Racist 'manifesto' lays bare Charleston motive

Racist 'manifesto' lays bare Charleston motive

COLUMBIA, United States - Agence France-Presse
Racist manifesto lays bare Charleston motive

AP Photo

A chilling website apparently created by Dylann Roof emerged June 20 in which the accused Charleston church shooter rails against African Americans and appears in photographs with guns and burning the US flag.

It came to light as a mournful vigil June 19 for the nine black worshippers killed at Emanuel African Methodist Episcopal Church gave way to anger and protests in Charleston and the state capital Columbia.
   
The church, one of the most historic African-American places of worship, meanwhile reopened, three days after a bloodbath that fueled simmering racial tensions in the United States and reignited impassioned calls for gun-control laws.
 
A rambling 2,500-word manifesto on the website, laced with racist lingo and spelling errors, does not bear the 21-year-old suspected white supremacist's name.
 
But its first-person style, its title -- "Last Rhodesian" -- and references to Charleston and apartheid South Africa suggested he was its author. There were also photos of Roof on the site.
 
Roof, who went on the run after June 17 shooting, was caught a day later in neighboring North Carolina and is in solitary confinement in jail charged with nine counts of murder.
 
The FBI said it was "taking steps to verify the authenticity" of the website.
         
Somber mourning turned to anger June 20, with a rally at the state legislature in Columbia, where the Confederate flag has been a focal point for controversy for years.
 
Unlike US and state flags, it was not lowered to half-staff after the killings -- because, officials say, doing so by South Carolina law requires approval from the state legislature.
 
While some whites consider the Civil War-era flag an emblem of Southern regional pride and heritage, others -- black and white -- see it as a sinister symbol of white supremacy and racism.
 
Several hundred chanting demonstrators massed outside the state house, the Confederate flag flapping in the evening breeze.
 
Several politicians, including US President Barack Obama, weighed in on the controversy June 20.    

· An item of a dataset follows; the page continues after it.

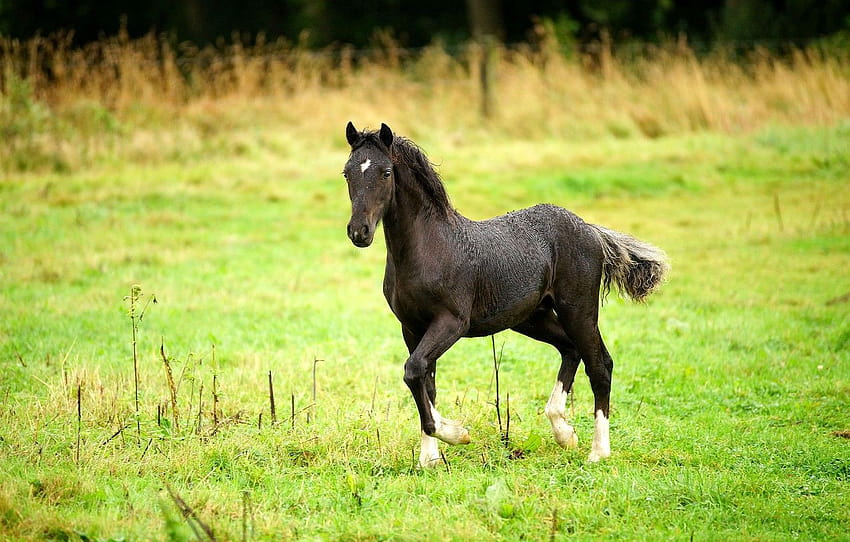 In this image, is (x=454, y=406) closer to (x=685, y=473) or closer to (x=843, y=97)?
(x=685, y=473)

Former Republican White House hopeful Mitt Romney posted on Twitter: "it's time to take down flag in SC."  
In response, Obama tweeted: "Good point, Mitt," with a link to Romney's comment.    

Obama, who said after the Charleston shooting the United States should closely examine its gun laws, also recalled firearms deaths statistics on Twitter June 20.    

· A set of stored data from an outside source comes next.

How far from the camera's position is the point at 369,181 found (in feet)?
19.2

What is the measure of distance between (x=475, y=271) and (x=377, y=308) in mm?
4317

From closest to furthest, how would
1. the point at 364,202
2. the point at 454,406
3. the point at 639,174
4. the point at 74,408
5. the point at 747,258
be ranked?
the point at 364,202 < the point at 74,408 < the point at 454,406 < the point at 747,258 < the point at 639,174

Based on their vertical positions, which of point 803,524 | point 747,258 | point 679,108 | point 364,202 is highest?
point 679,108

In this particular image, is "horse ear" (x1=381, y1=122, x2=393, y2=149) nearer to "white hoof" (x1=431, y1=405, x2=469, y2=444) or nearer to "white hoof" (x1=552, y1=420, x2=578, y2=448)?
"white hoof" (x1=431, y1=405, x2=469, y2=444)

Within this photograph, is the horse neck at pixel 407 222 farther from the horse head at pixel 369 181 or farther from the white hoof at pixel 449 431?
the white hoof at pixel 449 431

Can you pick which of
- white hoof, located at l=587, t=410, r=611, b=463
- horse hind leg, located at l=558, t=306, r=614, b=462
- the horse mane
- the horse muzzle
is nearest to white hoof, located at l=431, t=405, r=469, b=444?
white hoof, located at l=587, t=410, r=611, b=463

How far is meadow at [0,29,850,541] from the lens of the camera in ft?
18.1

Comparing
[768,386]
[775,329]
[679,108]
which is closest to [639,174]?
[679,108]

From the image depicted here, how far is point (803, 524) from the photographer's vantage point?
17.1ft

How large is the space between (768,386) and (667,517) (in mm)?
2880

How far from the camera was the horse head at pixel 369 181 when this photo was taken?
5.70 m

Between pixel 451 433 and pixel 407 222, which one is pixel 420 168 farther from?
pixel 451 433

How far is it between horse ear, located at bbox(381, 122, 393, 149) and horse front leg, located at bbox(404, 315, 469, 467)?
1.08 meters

"Here are the stats: Per population, we kill each other with guns at a rate 297x more than Japan, 49x more than France, 33x more than Israel," Obama tweeted.            

Roof's alleged online manifesto painted a chilling portrait of an angry young man.    

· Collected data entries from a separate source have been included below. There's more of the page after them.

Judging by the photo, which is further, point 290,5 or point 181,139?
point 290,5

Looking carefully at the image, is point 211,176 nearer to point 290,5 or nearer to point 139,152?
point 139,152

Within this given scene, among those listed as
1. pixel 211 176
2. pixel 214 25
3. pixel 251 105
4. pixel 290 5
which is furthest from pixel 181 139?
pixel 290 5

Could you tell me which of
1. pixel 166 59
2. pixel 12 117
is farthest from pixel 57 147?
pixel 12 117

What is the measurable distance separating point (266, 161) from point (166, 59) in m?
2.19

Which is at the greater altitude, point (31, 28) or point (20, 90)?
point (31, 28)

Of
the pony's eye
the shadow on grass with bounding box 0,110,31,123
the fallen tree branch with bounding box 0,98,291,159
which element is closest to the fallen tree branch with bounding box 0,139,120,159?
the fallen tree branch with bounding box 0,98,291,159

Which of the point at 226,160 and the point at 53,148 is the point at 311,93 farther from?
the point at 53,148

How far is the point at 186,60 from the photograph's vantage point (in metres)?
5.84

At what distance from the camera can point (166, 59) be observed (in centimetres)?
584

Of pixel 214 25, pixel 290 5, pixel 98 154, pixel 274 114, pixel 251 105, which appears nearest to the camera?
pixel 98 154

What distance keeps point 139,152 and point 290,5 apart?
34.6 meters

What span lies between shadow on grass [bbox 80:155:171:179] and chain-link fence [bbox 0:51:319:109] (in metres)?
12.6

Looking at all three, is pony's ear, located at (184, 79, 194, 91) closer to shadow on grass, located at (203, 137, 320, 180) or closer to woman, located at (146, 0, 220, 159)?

"I have no choice. I am not in the position to, alone, go into the ghetto and fight," the purported manifesto stated.
 
"I chose Charleston because it is most historic city in my state, and at one time had the highest ratio of blacks to Whites in the country.
 
"We have no skinheads, no real KKK, no one doing anything but talking on the Internet. Well someone has to have the bravery to take it to the real world, and I guess that has to be me."  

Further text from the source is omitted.